**Work instruction:** Under this line sits a listing. Repeat exactly and only its lines from the one holding "Minimalistisch juwelgevel met" through the one holding "Wheel Loaders Komatsu"; skip pictures.

**Data for processing:**
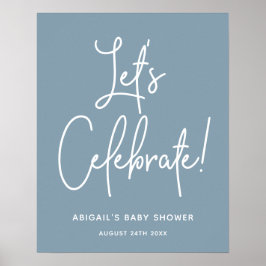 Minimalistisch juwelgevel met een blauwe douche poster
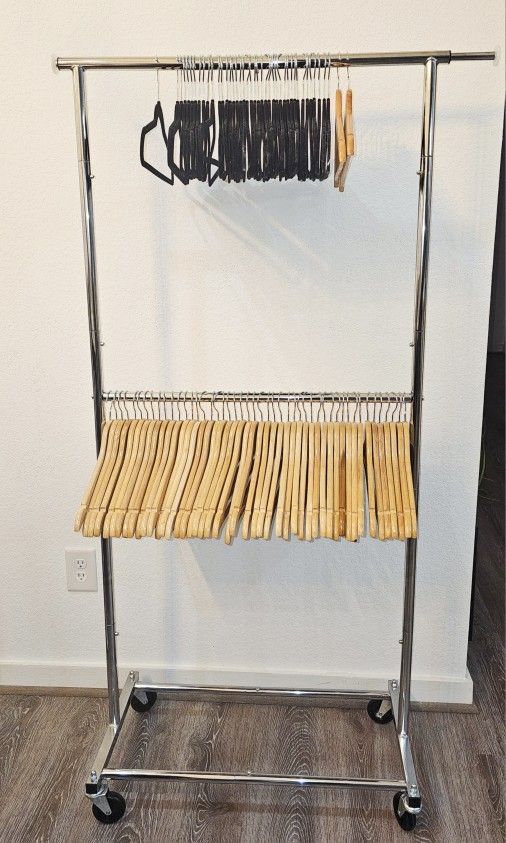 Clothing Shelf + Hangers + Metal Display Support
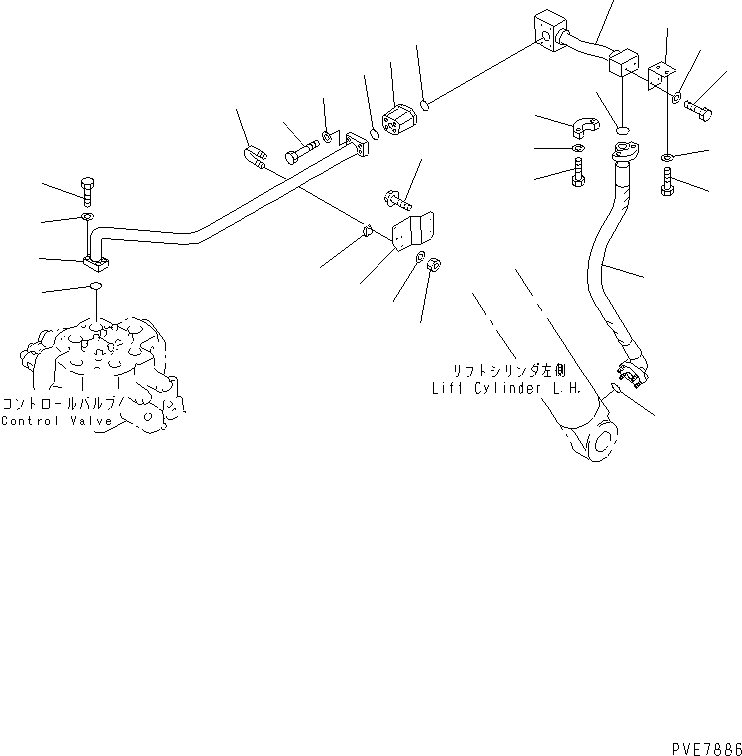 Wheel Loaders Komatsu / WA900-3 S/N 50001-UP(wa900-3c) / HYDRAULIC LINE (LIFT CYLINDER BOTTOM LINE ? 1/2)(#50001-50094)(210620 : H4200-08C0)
--
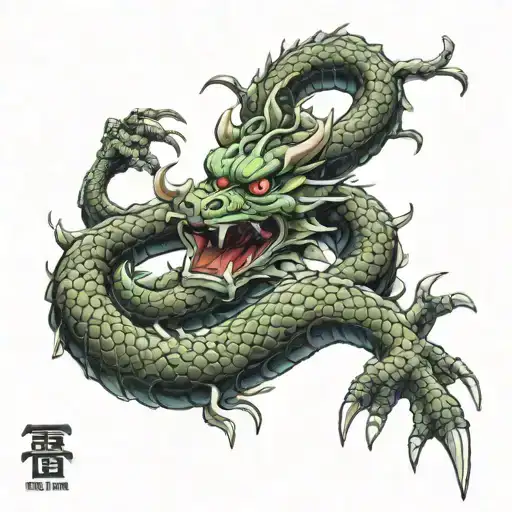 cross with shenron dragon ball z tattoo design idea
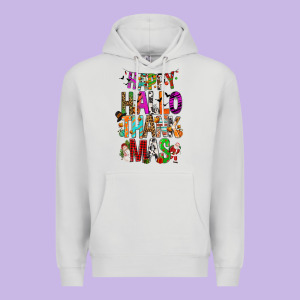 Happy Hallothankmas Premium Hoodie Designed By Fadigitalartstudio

**Response to this exercise:**
 Minimalistisch juwelgevel met een blauwe douche poster
 Clothing Shelf + Hangers + Metal Display Support
 Wheel Loaders Komatsu / WA900-3 S/N 50001-UP(wa900-3c) / HYDRAULIC LINE (LIFT CYLINDER BOTTOM LINE ? 1/2)(#50001-50094)(210620 : H4200-08C0)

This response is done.